ISSPP PIPAC-Datenbank: Datenvollständigkeit (Pleura Peritoneum)
📋Auf einen Blick
- •Die ISSPP PIPAC-Datenbank erfasst seit 2020 prospektiv Daten zur Pressurized Intraperitoneal Aerosol Chemotherapy.
- •Eine Auswertung von 2.777 Prozeduren zeigt eine insgesamt zufriedenstellende Datenvollständigkeit.
- •Unvollständige Daten traten am häufigsten in den Bereichen Komplikationen (7 von 16 Zentren) und Therapieansprechen auf.
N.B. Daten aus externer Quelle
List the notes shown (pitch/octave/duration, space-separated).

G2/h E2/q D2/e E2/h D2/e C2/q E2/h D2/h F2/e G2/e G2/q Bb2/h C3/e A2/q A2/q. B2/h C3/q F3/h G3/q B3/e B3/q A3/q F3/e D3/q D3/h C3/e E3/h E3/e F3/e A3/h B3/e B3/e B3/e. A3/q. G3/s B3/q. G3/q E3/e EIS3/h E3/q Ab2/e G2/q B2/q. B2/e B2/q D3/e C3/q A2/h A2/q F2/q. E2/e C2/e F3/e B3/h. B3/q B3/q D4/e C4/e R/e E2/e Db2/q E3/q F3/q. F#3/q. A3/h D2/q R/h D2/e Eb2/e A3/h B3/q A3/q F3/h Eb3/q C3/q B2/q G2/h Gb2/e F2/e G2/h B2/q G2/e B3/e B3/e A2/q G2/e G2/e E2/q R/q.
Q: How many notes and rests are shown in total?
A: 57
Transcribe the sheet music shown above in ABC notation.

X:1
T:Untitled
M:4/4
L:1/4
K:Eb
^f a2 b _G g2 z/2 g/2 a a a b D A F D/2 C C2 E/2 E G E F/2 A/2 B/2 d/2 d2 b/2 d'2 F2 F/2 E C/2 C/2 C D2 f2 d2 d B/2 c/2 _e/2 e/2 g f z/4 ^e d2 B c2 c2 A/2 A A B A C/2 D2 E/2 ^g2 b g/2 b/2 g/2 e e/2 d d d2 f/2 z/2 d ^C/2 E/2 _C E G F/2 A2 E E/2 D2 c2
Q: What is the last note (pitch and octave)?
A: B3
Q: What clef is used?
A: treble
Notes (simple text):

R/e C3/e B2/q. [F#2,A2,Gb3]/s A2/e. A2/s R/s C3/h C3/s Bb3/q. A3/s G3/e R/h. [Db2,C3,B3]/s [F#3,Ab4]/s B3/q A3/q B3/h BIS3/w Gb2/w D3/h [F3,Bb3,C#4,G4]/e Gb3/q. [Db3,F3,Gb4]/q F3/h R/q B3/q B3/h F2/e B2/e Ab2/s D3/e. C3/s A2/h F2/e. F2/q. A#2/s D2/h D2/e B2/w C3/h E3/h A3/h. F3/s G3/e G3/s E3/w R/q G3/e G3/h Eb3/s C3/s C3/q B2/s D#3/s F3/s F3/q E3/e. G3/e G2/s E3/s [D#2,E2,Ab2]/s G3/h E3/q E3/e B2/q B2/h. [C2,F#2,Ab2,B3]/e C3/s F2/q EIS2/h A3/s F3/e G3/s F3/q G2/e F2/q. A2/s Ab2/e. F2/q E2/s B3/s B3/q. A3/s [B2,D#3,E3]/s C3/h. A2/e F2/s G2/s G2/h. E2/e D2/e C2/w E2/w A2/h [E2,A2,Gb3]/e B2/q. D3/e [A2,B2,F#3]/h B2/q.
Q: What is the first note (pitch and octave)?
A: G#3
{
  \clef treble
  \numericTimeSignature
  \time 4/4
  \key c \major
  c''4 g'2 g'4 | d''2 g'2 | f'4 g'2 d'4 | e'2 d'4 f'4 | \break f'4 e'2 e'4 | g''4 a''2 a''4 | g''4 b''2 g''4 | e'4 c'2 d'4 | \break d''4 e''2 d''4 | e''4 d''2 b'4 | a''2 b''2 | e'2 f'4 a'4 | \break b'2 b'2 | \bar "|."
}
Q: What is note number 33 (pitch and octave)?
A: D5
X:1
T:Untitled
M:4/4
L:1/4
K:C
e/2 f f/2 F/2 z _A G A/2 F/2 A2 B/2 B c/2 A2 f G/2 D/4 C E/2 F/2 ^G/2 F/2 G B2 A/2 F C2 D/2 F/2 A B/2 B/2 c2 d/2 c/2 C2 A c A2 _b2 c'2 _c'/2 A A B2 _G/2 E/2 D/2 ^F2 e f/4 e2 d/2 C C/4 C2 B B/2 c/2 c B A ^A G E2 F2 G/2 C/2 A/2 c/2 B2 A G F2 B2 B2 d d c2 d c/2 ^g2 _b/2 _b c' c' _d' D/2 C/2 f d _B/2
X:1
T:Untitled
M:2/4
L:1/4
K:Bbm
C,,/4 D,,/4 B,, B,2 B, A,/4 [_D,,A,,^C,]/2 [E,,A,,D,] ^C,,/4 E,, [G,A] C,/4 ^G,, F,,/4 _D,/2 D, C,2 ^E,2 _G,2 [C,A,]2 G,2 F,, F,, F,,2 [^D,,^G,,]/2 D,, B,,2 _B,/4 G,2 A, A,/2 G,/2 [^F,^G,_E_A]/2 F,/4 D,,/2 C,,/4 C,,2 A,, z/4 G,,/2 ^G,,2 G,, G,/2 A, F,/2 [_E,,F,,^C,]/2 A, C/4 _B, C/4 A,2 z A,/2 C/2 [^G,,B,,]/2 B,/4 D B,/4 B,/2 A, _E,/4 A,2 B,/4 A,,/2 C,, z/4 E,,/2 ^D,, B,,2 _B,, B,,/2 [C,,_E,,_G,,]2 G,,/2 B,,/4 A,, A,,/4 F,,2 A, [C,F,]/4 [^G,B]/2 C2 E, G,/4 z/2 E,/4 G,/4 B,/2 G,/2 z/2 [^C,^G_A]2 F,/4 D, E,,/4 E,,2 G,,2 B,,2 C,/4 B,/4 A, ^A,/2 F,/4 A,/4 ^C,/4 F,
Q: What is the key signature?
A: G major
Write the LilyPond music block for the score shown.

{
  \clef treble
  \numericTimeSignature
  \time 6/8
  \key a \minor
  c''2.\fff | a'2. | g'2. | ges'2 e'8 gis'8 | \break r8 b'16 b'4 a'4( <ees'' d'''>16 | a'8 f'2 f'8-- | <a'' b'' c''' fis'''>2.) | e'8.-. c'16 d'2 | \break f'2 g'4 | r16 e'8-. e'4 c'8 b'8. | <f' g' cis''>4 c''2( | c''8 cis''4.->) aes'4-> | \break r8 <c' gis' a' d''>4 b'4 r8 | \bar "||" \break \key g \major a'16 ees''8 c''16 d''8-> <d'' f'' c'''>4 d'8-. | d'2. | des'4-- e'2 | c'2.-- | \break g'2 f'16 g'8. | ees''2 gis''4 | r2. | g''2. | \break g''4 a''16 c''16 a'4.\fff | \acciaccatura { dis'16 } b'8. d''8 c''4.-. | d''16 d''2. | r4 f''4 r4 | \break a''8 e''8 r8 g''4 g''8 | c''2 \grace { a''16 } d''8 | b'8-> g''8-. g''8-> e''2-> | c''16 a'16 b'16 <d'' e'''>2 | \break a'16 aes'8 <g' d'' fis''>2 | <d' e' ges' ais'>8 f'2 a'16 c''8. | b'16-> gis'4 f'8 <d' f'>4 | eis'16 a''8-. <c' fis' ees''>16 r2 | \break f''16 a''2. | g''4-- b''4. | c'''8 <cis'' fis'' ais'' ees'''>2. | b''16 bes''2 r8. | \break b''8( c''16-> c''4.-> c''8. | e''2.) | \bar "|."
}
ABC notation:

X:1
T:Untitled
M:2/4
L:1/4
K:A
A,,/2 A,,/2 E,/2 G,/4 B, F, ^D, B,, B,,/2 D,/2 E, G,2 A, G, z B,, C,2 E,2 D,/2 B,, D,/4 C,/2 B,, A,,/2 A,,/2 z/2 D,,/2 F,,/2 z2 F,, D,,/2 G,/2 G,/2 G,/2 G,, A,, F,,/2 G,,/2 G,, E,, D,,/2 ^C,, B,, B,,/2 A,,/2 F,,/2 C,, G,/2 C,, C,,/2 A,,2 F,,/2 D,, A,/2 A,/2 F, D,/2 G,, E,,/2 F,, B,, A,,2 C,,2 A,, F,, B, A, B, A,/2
- •Zukünftig sollen zur Arbeitserleichterung nur noch unerwünschte Ereignisse ab CTCAE Grad 3 erfasst werden.
Hintergrund
Die Peritonealkarzinose ist eine häufige Manifestation bei gastrointestinalen und gynäkologischen Tumoren. Die Pressurized Intraperitoneal Aerosol Chemotherapy (PIPAC) wird als palliative Behandlungsoption eingesetzt, um die Limitationen der systemischen Chemotherapie zu überwinden. Zur Überwachung von Indikationen, Komplikationen und klinischen Effekten wurde im Juni 2020 die prospektive ISSPP PIPAC-Datenbank (International Society for the Study of the Pleura and Peritoneum) ins Leben gerufen.
Struktur der Datenbank
Die webbasierte REDCap-Datenbank umfasst Daten von 30 registrierten Zentren (davon 16 aktiv meldend) mit 950 Patienten und 2.777 PIPAC-Prozeduren (Stand Oktober 2024). Sie gliedert sich in sechs Kernelemente:
| Kernelement | Inhalt / Bemerkung |
|---|---|
| Patient | Demografische Basisdaten |
| Consent | Einverständniserklärung |
| Treatment | Behandlungsdetails |
| Complications | Erfassung von Komplikationen |
| Response evaluation | Beurteilung des Therapieansprechens |
| Follow-up | Nachbeobachtung und Überleben |
Ergebnisse zur Datenvollständigkeit
Eine systematische Auswertung zeigte, dass die Daten in den Bereichen Patient und Treatment vollständig waren. In vier von sechs Kernelementen traten unvollständige Daten auf (definiert als fehlende oder inkorrekte Daten bei >50 % der Patienten eines Zentrums):
| Kernelement | Zentren mit unvollständigen Daten (n=16) |
|---|---|
| Complications | 7 (44 %) |
| Response evaluation | 5 (31 %) |
| Follow-up | 2 (13 %) |
| Consent | 1 (7 %) |
Detailanalyse der Problembereiche
Komplikationen
Die häufigste Fehlerquelle war die inkorrekte Registrierung. Oft wurden "leere" Komplikationsdatensätze angelegt, wenn Anwender fälschlicherweise annahmen, ein leeres Feld bedeute "keine Komplikation".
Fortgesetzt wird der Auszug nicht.